_TRY IT:_
In the records below, find the line with "Letter Q abstract" and the line with "Silver jeans"; return exactly those lines and every line between them.

_GIVEN DATA:_
·····

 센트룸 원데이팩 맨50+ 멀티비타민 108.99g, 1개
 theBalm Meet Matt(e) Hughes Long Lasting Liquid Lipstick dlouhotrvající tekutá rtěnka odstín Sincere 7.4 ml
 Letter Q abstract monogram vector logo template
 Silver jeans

·····

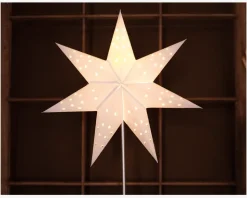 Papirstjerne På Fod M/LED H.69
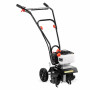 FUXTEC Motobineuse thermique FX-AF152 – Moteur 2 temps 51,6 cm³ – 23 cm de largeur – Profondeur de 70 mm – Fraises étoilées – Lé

·····

_SOLUTION FOR THIS EXERCISE:_
 Letter Q abstract monogram vector logo template
 Silver jeans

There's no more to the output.